Northwest RiverPartners publicly pointed out the inconsistency and concerns raised by Oregon’s NOI in a press release yesterday. The press release is attached to this update for your convenience.

NRU is working with other public power entities to evaluate legal options in response to potential litigation.


Update on Bonneville – Idaho Power Transfer Service Dispute at FERC

Last week, Bonneville and Idaho Power took an important step to settle their dispute before the Federal Energy Regulatory Commission (FERC) regarding Idaho Power’s attempt to unilaterally modify two Conditional Firm contracts that Bonneville uses to provide transfer service to NRU members and other Bonneville customers in the PACE balancing authority.

Idaho Power formally withdrew its filing of the disputed contracts at FERC. NRU sees this as a positive development, as it allows Bonneville and Idaho Power to negotiate details of a settlement on their own terms without FERC’s involvement. It appears that Bonneville is working towards a settlement that is beneficial to transfer customers, and NRU has continued to signal acceptance of such a settlement.

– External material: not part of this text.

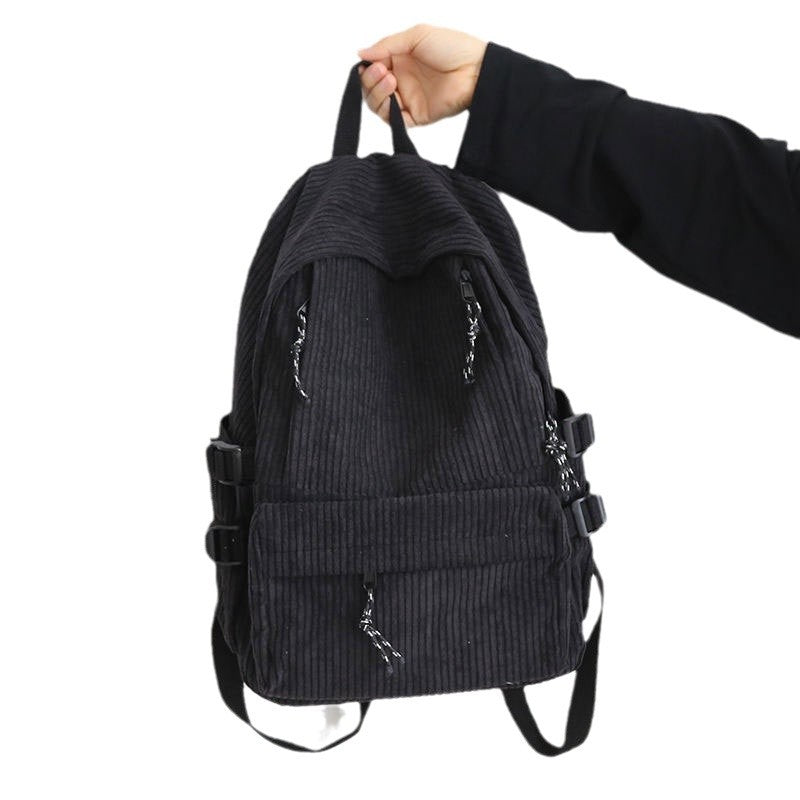 Cord-Backpack with Functional Zipper Pockets and Adjustable Shoulder Straps Kalsten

Still Seeking Feedback on Proposed $80M RDC for Transmission Services

As described in last week’s Portland Update, Transmission Services has met its upper threshold of financial reserves and the agency has met its upper threshold, meaning a Reserves Distribution Clause (RDC) of just under $80M has triggered for Transmission Services. The question now becomes which “high-value” use(s) should that $80M be used for. BPA has proposed applying the entire $79.7M towards debt reduction via early debt repayment. This would both save interest expense for Transmission and free up commensurate borrowing authority for the agency.

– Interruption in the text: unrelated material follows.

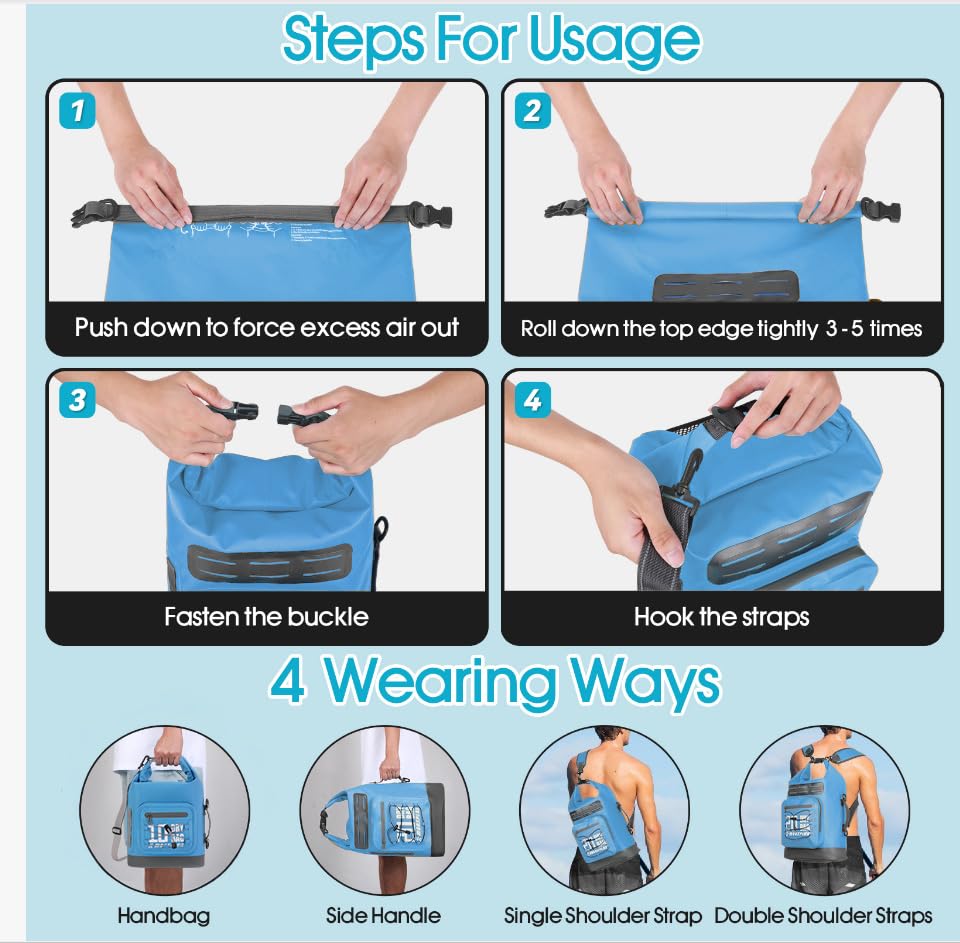 MORXPLOR Dry Bag Waterproof,5L/10L/20L/30L/40L/55L Roll Top Dry Bag Backpack with WaterProof Phone Case for Swim,Kayak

As a reminder, here is NRU staff’s proposed response to BPA:

NRU staff is proposing to submit brief comments stating that NRU finds debt repayment to be an acceptable use of the $80 million in transmission reserves available as a result of the RDC, provided that the agency can show that using the money in this way is consistent with Bonneville’s 2018 Financial Plan. The comments would note that, overall, the agency must take a comprehensive approach to financial planning and not make the RDC decision, rates decisions, or any other financial decisions, independently of one another. The comments would also observe the rising debt profile of Transmission, particularly compared to Power.

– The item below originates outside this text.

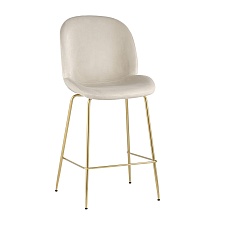 Полубарный стул Stool Group Турин со спинкой велюр бежевый золотые ножки 8329A VELVET BEIGE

BPA has extended the deadline for comments by two days to Wednesday of next week. Thus, if you haven’t yet shared your thoughts with us, please do so by COB Tuesday, 12/1. We have heard from only a couple of members, all in support of staff’s proposal.


2020 Flexible Spill Results

Last week, Bonneville shared 2020 results of the 2018 Flexible Spill Agreement. This agreement allowed six Columbia River System projects to be operated at up to 125% of total dissolved gas standards with the option to reduce spill at seven of the eight fish passage projects for eight hours per day, and it allowed flexible spill levels sufficient to support surface passage structures post-August 15. The goal of the Flexible Spill Agreement was to allow spill flexibility while holding Bonneville financially neutral as compared to 2018 related costs. Overall, Bonneville did better than neutral; it saw a net benefit of $4.7 million in 2020. The benefit was mostly a result of very high power prices during the post-August 15 spill period. Although the high prices during this time were perhaps an anomaly, spill flexibility did allow BPA to capture some value.

Happy Thanksgiving from all of us at NRU!! We remain thankful for your trust in us as we work on your behalf and sincerely hope all in our circle have a fun and safe Thanksgiving holiday!!!